Murder She Didn’t Write: The Improvised Murder Mystery Review

Leicester Square Theatre – 25 March, 29 April.  Reviewed by Claire Roderick

4****

Agatha Christie looms large over proceedings as Degrees of Error create an improvised murder mystery inspired by the audience’s (mostly filthy suggestions). Stephen Clements handles the crowd with charm as the investigating detective and spends most of the performance stifling giggles as he watches his fellow cast members wrangle suggestions and familiar mystery tropes into some semblance of a plot.

With the audience’s suggestion of a hen party, The Case of the Wet Tea Towel saw its West End debut. With set and costumes firmly embedded in the 1920s/30s, the cast’s idea of a hen party involved a sexually repressed chicken scientist’s pre-wedding party, crashed by her fiancé – no inflatable willies or strippers in sight.

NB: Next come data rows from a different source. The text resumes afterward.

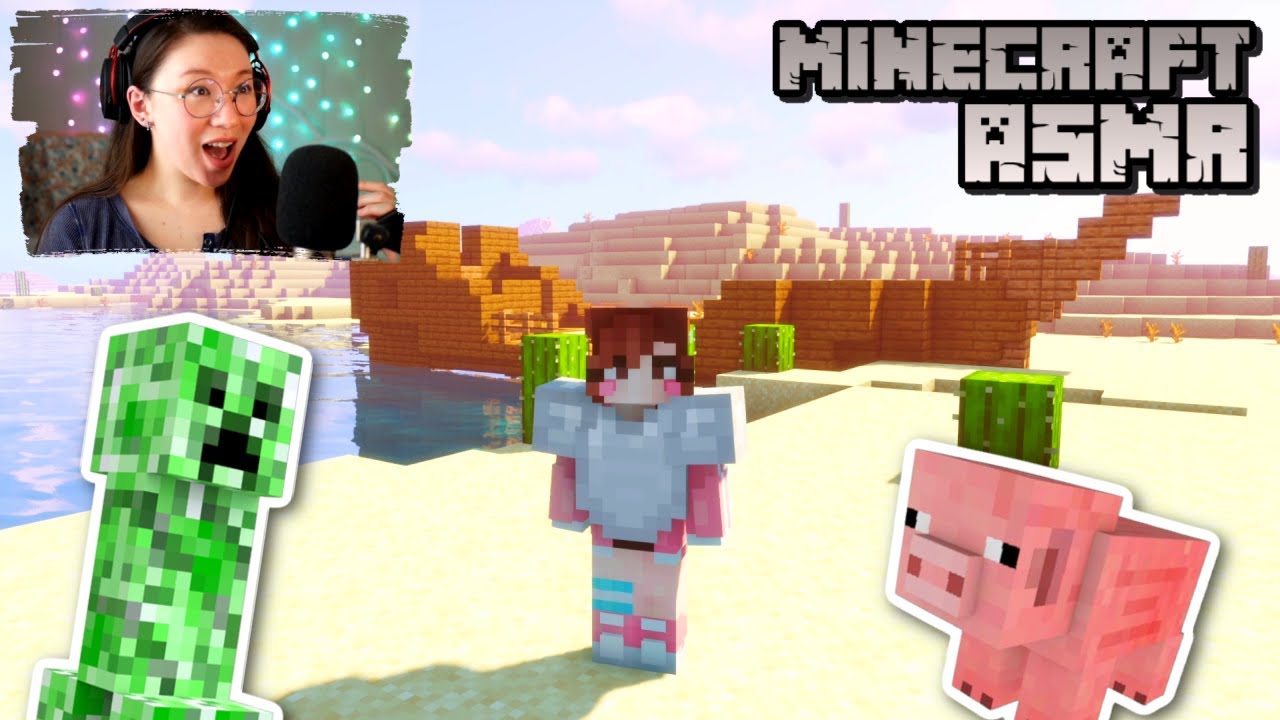 Minecraft ASMR ⛏️ My Most BLURSED Minecraft Adventure 💎 Close Up Whispering
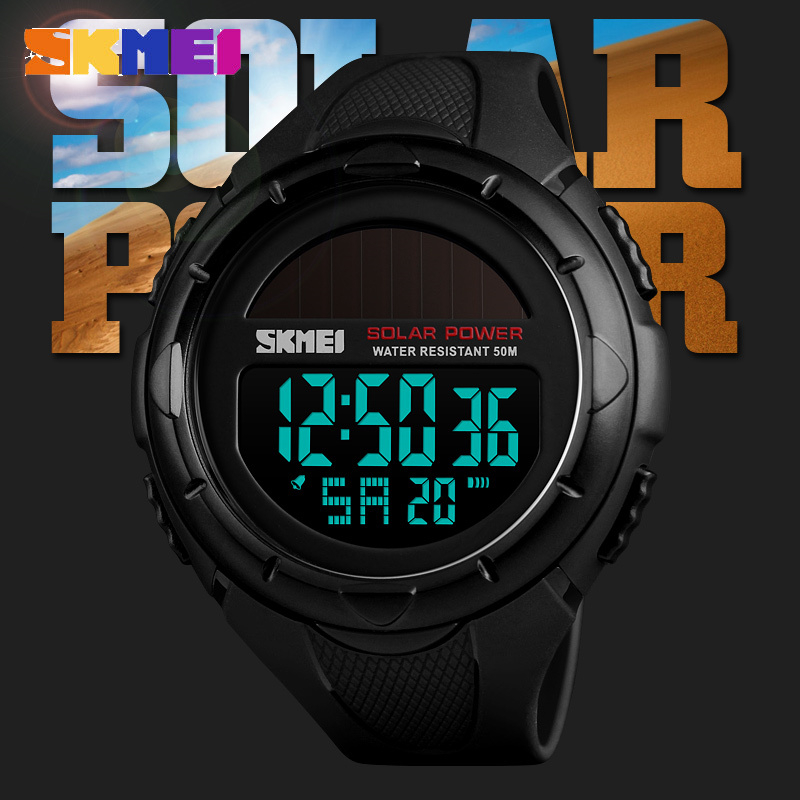 ภาพหน้าปกสินค้าSKMEI นาฬิกาพลังแสงอาทิตย์ 100% 5ATM กันน้ำ SOLAR ตั้งเวลาไทยพร้อมใช้งาน นาฬิกาผู้ชาย จากร้าน skimei.th บน Shopee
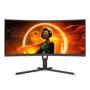 Aoc CU34G3S 34" Uwqhd 3440×1440 165HZ Va 4MS Freesync Premium 1000R Curved Gaming Desktop Monitor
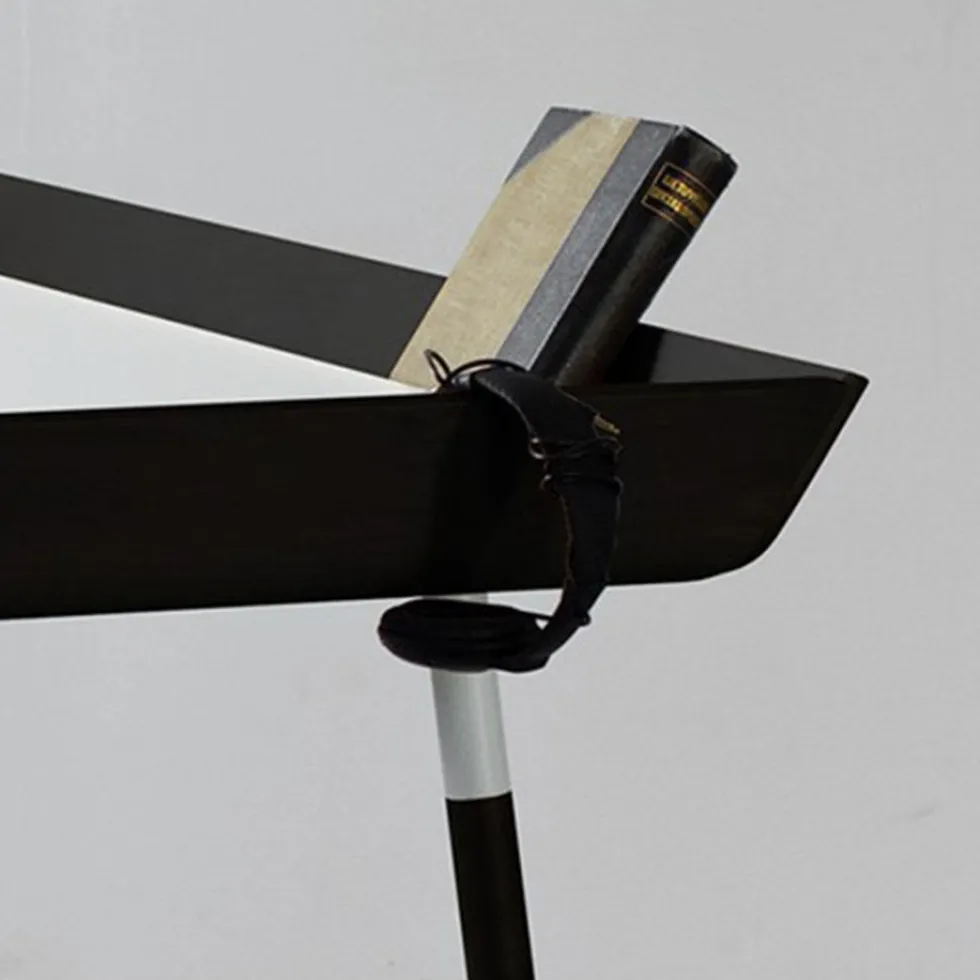 Bureau 2 tiroirs noir My Writing Desk - Emko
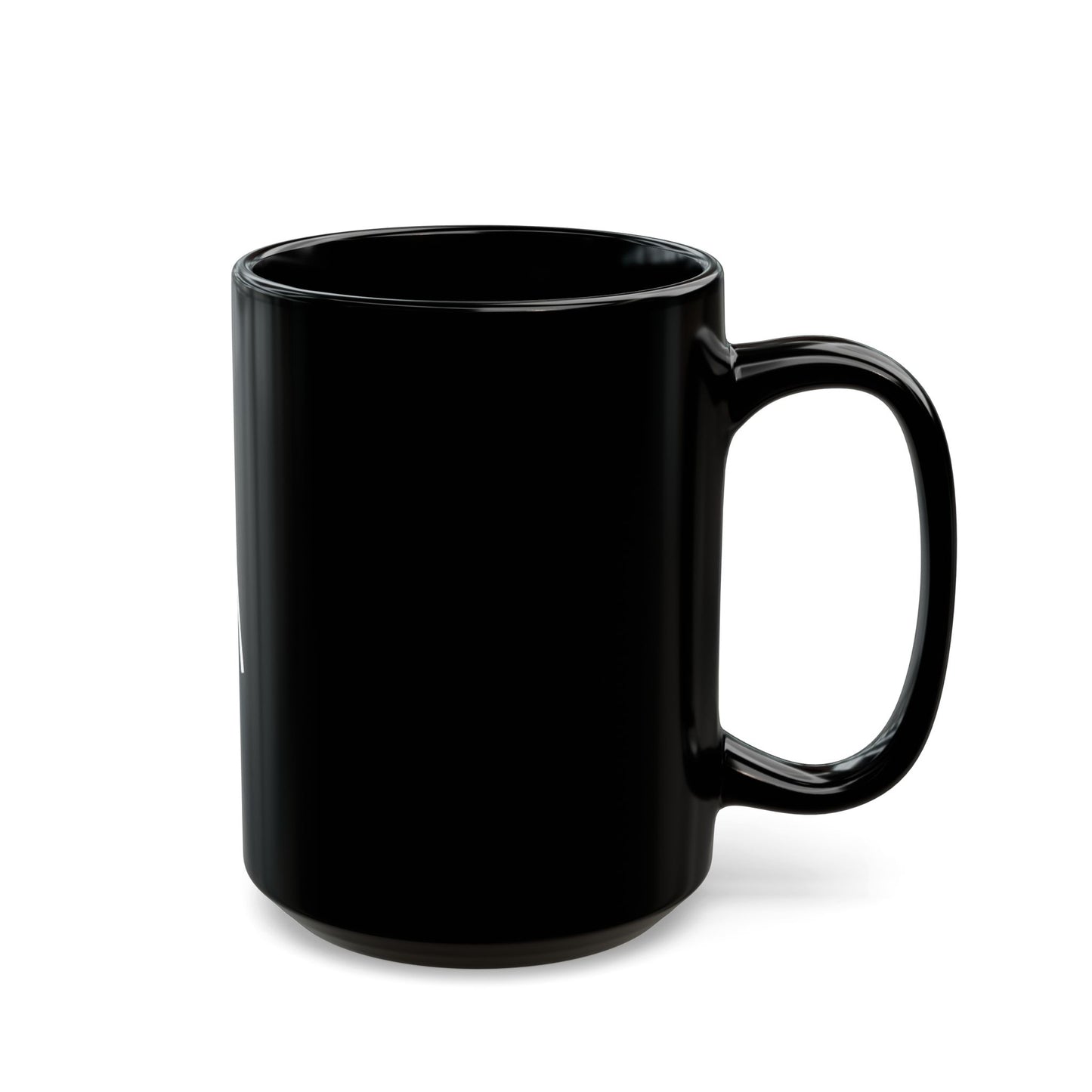 GLYPHS｜J-Runeforms — 今 / IMA-Rune Ceramic Mug (Black)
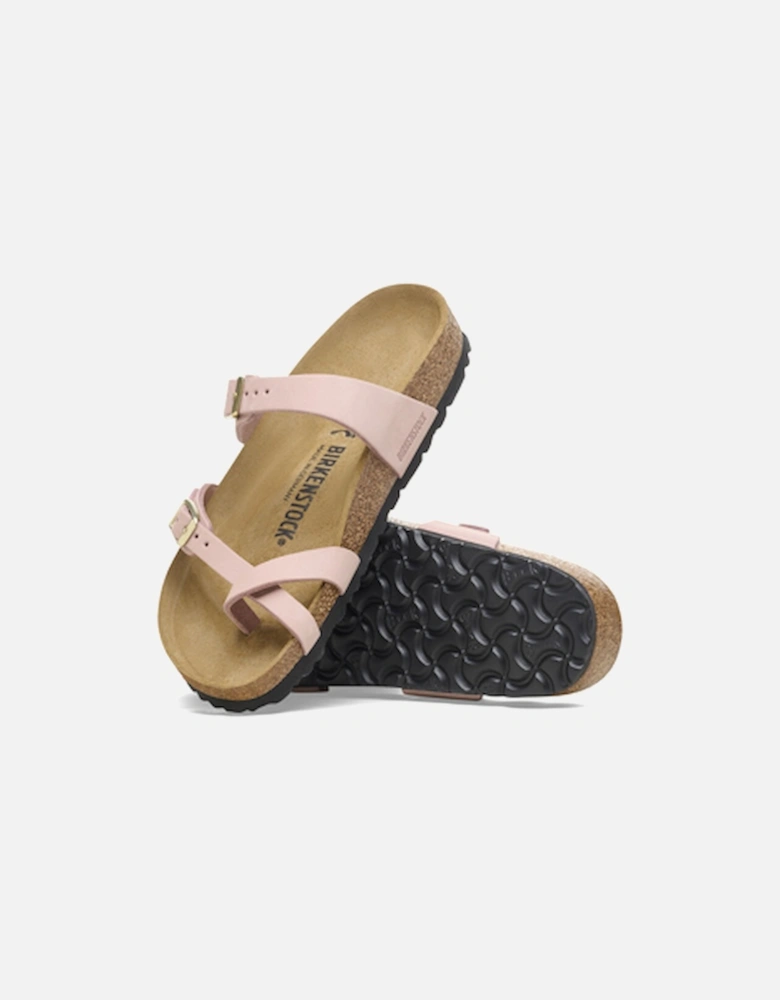 Women's Mayari Nubuck Leather Sandal Soft Pink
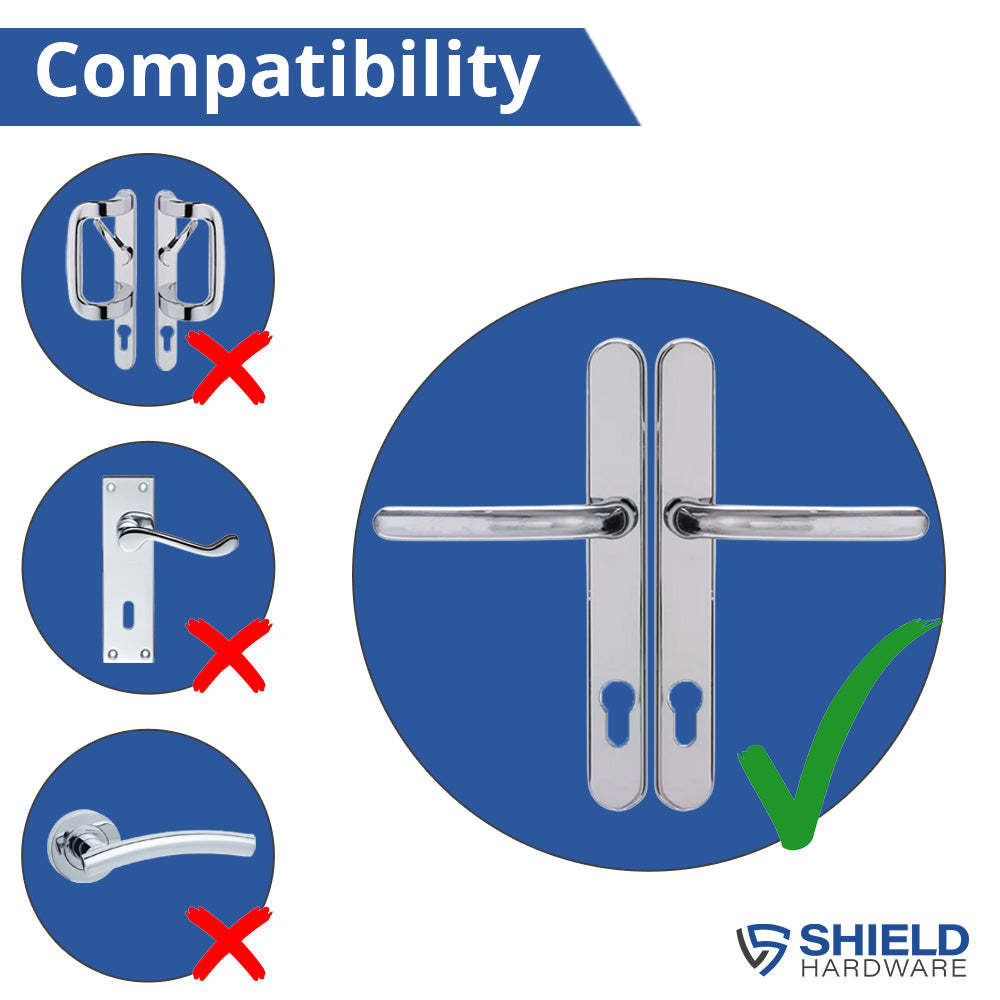 French Door Security Lock - Heavy Duty Patio &amp; Conservatory Handle Lock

The cast do not know who is the victim until they have had the chance to build up their characters, and they have no idea who the murderer is until the second half of the performance, which is full of backstory lunacy and revelations revealing each character’s possible motives. The big reveal isn’t the end of the show, with the unfortunate culprit having to re-enact the crime and try to remember all the clues they left.

The cast are talented and quick thinking, with Lizzy Skrzypiec excelling at throwing in some plot curveballs and innuendo. Clements interrupts occasionally to torture the actors with suggestions, with his insistence on hearing Mr Green’s poems about chickens producing a bizarrely brilliant ode to hens from Peter Baker. There are some storylines that fizzle out and a few jokes that don’t hit the mark, but the pace is fast and furious, and the cast have enough chemistry to land a big belly laugh immediately after any ill-judged decisions.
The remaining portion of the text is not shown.